• _PROBLEM REQUIREMENTS_
Print exactly, and only, the lines from the one that has "Screenshot of https://www.cycle.travel/" through the end of the material below, with both ends included and the pictures omitted.

• _DATA SUPPLIED_
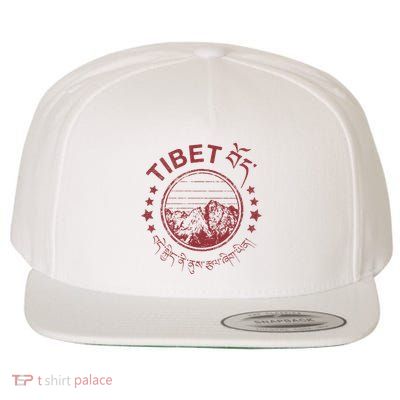 Tibet Vintage Mountains Tibetan Script Wool Snapback Cap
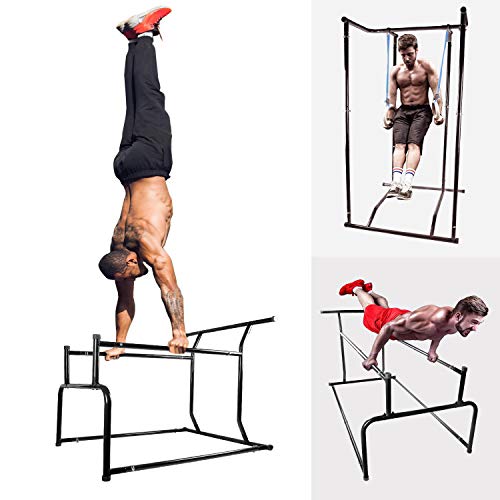CCLIFE Pull up Bar Barra de dominadas Pull up portátil Portable Peso Corporal Barra dominadas Dip Torre Soporte con Guantes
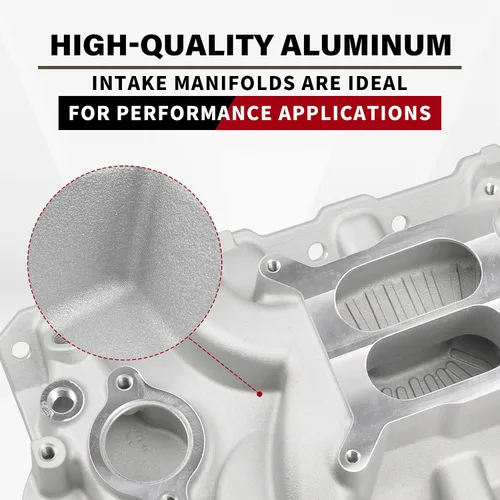 Vista 5 de Colector de admisión de aluminio de doble plano compatible con Chevy SBC 305 350 383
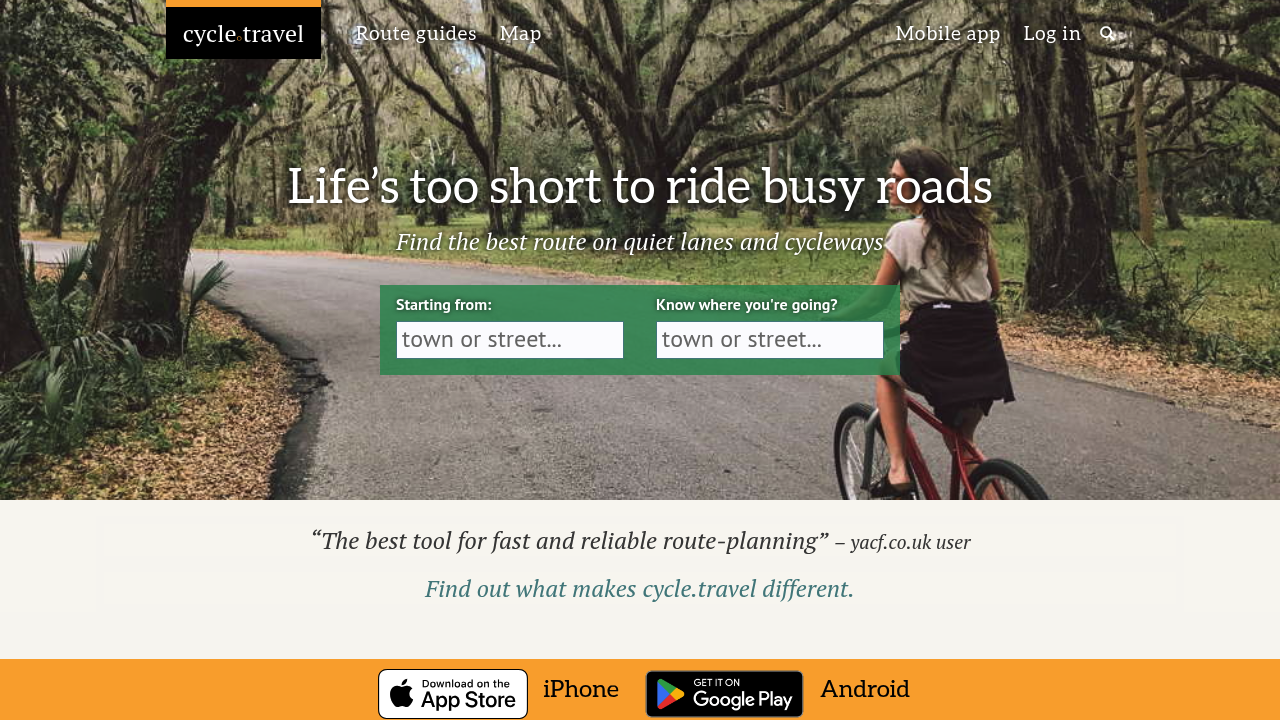 Screenshot of https://www.cycle.travel/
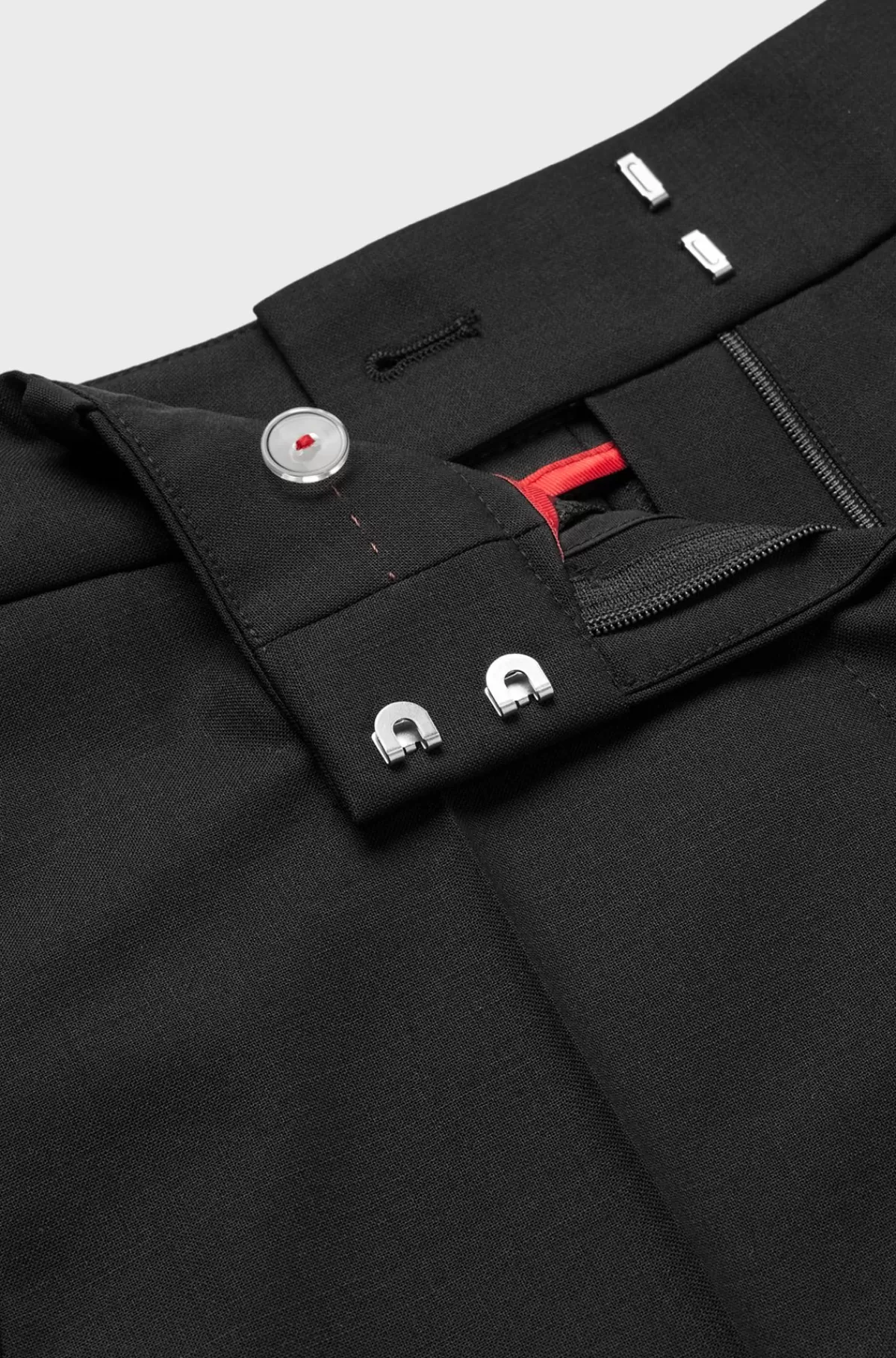HUGO BOSS Bukser Med Slim Fit Og Slidser I Stof Med Stræk Sort Flash Sale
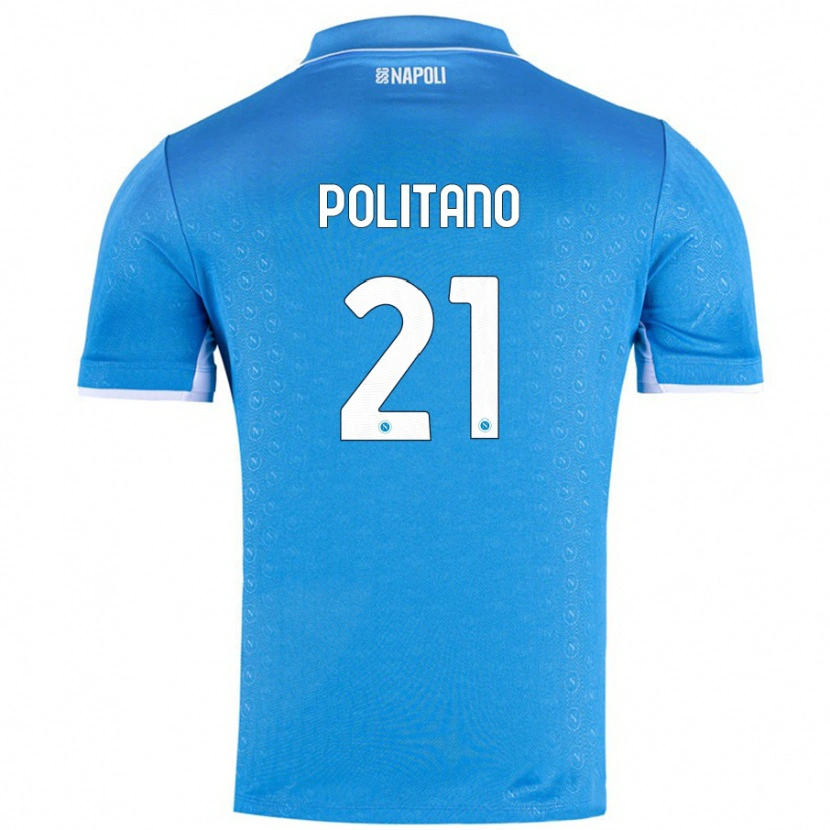 Danxen Kinder Matteo Politano #21 Himmelblau Heimtrikot Trikot 2024/25 T-Shirt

• _SOLUTION_
 Screenshot of https://www.cycle.travel/
HUGO BOSS Bukser Med Slim Fit Og Slidser I Stof Med Stræk Sort Flash Sale
 Danxen Kinder Matteo Politano #21 Himmelblau Heimtrikot Trikot 2024/25 T-Shirt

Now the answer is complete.